An astronomer from the University of Victoria has helped discover an emerging star with a special twinkle.

Doug Johnstone, Research Officer at the National Research Council of Canada, who teaches in Department of Physics and Astronomy, co-led an international team of researchers, who discovered a rare stellar object: a not-yet-full formed star likely orbited by a likely, hidden planet.

Johnstone, who led the team with Greg Herczeg, Professor at Peking University, discovered the phenomenon in the Serpens constellation, using a telescope capable of detecting non-visible, high frequency waves. In fact, Johnstone received a helping hand from his Ph.D. student Steve Mairs.

The star known is EC53 is currently emerging from an inter-stellar nursery, a molecular cloud in inter-stellar space, where gas and dust are contracting to create new stars.

Johnstone said the observed star is a proto-star, not yet generating energy through the process of nuclear fusion that turns hydrogen into helium.

When stars like the observed star of EC53 form, spheres of gas and dust surround them. Some of this material will flatten into a disk from which planets will form. While the surrounding cloud prohibits direct optical observation, researchers can study the study by studying the cloud, which is relatively warm compared to the area outside of it.

Using the James Clerk Maxwell Telescope (JCMT) Transient Survey located in Hawaii, Johnstone, Herczeg, and their supporting team, observed the luminosity of the star dipping at a regular interval of 18 months.

“This variation in the brightness or twinkle of the star EC53 suggests that something large is disrupting the gravitational pull of the forming star,” said Johnstone. “The fact that it recurs every 18 months suggests that this influence is orbiting around the star – it’s quite likely a hidden, forming planet.”

Perhaps the best analogy comes from the world of pastries. The emerging star sits in the middle of a doughnut hole. The accompanying planet circles around the sun at the inner edge of the doughnut ring, and as it circles around the sun, its weight disrupts the rate of material that the sun is “gulping” off the doughnut, changing its brightness along the way.

Johnstone said scientists know nothing about the likely planet that rotates around EC53, nor will they be able to predict its fate.

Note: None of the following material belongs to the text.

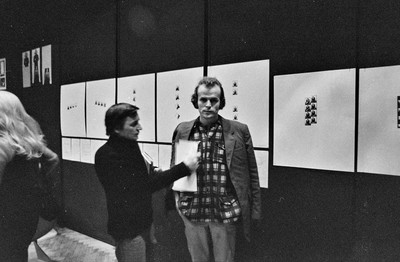 Wystawa, &bdquo;Warsztaty Formy Filmowej&rdquo;, STK, Ł&oacute;dź, 1976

While scientists have observed variations in the brightness of EC53 before, the use of JCMT allowed the scientists to confirm that some other object — in this case, a likely planet — has impacted the emerging star.

Johnstone, who studies stellar nurseries, said he wasn’t quite sure what to expect his team decided to study EC53. “It was a shot in the dark,” he said.

Johnstone and the other scientists were essentially looking for minute changes, changes that would be very difficult to detect. “It’s like looking for a change a kid over a couple of days,” he said.

But the JCMT delivered on its promise, said Johnstone. To use an analogy, previous technology allowed scientists to take pictures of phenomenon. But the use of sub-millimetre radio astronomy technology is like taking a video, said Johnstone.

This research will help scientists get a better of how star systems emerge. Specifically, it will help them determine in which order stars and planets emerge, and the conditions under which planets survive, as their solar-systems take shape.

Ultimately, this discovery will help humans learn about their own solar-system.

“It gives us a better sense of how we got here,” said Johnstone.